## DATASET RECORDS
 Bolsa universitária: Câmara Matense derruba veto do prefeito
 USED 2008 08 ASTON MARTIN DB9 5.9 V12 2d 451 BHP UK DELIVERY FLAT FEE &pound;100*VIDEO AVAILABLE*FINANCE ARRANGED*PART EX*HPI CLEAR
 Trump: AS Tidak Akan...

...

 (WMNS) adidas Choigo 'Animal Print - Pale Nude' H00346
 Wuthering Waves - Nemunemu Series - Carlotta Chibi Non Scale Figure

## PROBLEM DESCRIPTION
From the entries above, extract only the lines running from the one containing "Bolsa universitária: Câmara" through the one containing "Trump: AS Tidak Akan...", inclusive.

## TASK RESPONSE
 Bolsa universitária: Câmara Matense derruba veto do prefeito
 USED 2008 08 ASTON MARTIN DB9 5.9 V12 2d 451 BHP UK DELIVERY FLAT FEE &pound;100*VIDEO AVAILABLE*FINANCE ARRANGED*PART EX*HPI CLEAR
 Trump: AS Tidak Akan...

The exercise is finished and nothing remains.